Next: The ISO Data Archive
Up: Archiving
Previous: The Chandra Data Archive
Table of Contents - Subject Index - Author Index - PS reprint -

O'Neel, B., Jennings, D., Rohlfs, R., & Paltani, S. 2000, in ASP Conf. Ser., Vol. 216, Astronomical Data Analysis Software and Systems IX, eds. N. Manset, C. Veillet, D. Crabtree (San Francisco: ASP), 187

The Integral DAL 1-2-3

B. O'Neel, D. Jennings, R. Rohlfs, S. Paltani
Integral Science Data Centre, 16 Chemin d'Ecogia, CH-1290 Versoix, Switzerland

Abstract:

This paper will discuss the three layers of the Integral Science Data Center (ISDC) Data Access Layer (DAL). The first layer is HEASARC's cfitsio with contributions from ISDC to allow for network and shared memory files as well as FITS grouping tables. The network files allow transparent access to distributed files via HTTP, FTP and the ROOT protocols. The second layer is a mission independent abstraction layer which hides the details of files and FITS HDUs from the program allowing them to work with abstract objects and elements. One of these abstract objects is that of a GROUP which allows you to collect together all the FITS data structures which are related in some way and independent of the exact files they are located in. The third layer is an instrument specific layer tailored to the Integral mission and instruments.

1. Introduction

ISDC has produced a data access layer (DAL) which allows data analysis programs to be written which read and/or write data stored in FITS format but which do not depend on the programs knowing exact locations of either the FITS files they process or the FITS Header Data Units (HDUs) within the FITS files. In addition, for many cases, the scientific end user only has to remember and keep track of one file name. This is all done by using FITS groups and abstracting the data access at a higher level than that of FITS files and FITS HDUs.

The main goal of this was to decouple data access from data analysis. We did this by creating software libraries that both define and isolate the data format, data model, and instrumental specifics, in our case, for Integral. This allows us to keep analysis software development at a high of level as possible. The programmers work with events, images, spectra, lightcurves and other scientific data structures and not with FITS files and HDUs. One consequence of this approach is that it allows changes to the data format, data model or data implementation by making software changes in one place instead of retrofitting every program. In addition, it allows us to share software development with other data centers where possible.

2. The DAL Layer 1 - cfitsio

DAL layer 1 is cfitsio from the HEASARC. All files in the ISDC DAL are stored in FITS format and FITS is also the processing format. By using cfitsio we use a large body of robust, well tuned and well tested code. The ISDC DAL isolates all file level access in this level.

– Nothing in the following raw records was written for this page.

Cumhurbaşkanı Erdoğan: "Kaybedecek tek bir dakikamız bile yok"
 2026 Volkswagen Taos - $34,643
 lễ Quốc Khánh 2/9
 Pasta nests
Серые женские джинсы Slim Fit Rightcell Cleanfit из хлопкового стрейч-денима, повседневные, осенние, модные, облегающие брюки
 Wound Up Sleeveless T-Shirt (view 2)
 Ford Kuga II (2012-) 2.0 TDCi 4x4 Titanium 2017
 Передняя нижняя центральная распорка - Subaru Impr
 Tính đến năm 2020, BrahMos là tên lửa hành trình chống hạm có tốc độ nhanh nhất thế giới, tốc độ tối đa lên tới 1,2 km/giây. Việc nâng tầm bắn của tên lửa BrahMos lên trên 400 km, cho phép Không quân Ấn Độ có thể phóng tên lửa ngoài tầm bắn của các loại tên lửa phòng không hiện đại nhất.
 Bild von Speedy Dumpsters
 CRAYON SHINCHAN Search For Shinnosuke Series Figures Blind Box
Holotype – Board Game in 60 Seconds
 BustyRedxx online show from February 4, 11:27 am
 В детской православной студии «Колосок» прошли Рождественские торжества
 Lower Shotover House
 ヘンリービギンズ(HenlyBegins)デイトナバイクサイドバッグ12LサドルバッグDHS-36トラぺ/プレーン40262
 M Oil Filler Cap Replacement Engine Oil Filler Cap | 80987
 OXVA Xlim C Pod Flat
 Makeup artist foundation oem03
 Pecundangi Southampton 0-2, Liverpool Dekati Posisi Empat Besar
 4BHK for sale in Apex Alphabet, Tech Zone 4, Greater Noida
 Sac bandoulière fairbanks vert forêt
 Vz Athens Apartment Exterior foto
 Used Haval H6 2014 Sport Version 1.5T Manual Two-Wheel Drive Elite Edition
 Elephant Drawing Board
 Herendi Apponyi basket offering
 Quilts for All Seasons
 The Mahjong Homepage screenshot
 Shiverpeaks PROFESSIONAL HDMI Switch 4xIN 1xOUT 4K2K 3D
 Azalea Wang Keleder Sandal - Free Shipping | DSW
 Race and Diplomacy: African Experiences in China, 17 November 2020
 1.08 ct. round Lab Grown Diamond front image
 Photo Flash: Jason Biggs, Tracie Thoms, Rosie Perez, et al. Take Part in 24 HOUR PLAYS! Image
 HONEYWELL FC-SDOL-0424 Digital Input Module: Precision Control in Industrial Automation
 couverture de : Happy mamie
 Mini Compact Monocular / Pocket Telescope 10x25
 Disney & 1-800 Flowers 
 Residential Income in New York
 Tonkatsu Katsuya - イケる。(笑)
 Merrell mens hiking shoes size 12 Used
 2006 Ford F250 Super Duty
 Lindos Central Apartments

ISDC contributed FITS grouping (Jennings 1997), template parsing, network file access, regular memory, and shared memory file access to cfitsio. Each one of these additions brings interesting new features to cfitsio. In addition, since these features are added to cfitsio all programs which use cfitsio automatically have access to these features.

2.1. FITS Grouping

FITS HDU grouping lets one group multiple FITS HDUs together in a hierarchy. This allows one to group together logically related FITS HDUs in scientifically interesting ways. One could group together all the files from a particular observation or pointing along with the relevant calibration files. This grouping can occur with no changes to the original FITS files.

2.2. Template Parsing

FITS templates allow you to create FITS files from text templates with one call. This allows one to have a consistent layout to your FITS files and gives one a centralized place to add or remove keywords and/or columns. FITS templates also reduce the amount of code to be written since the one cfitsio call write the basic FITS file.

2.3. Network File Access

Network file access allows one to use a FTP or HTTP file anywhere one could normally use a read/only FITS file. In addition the ROOT protocol is supported for read/write access across the network.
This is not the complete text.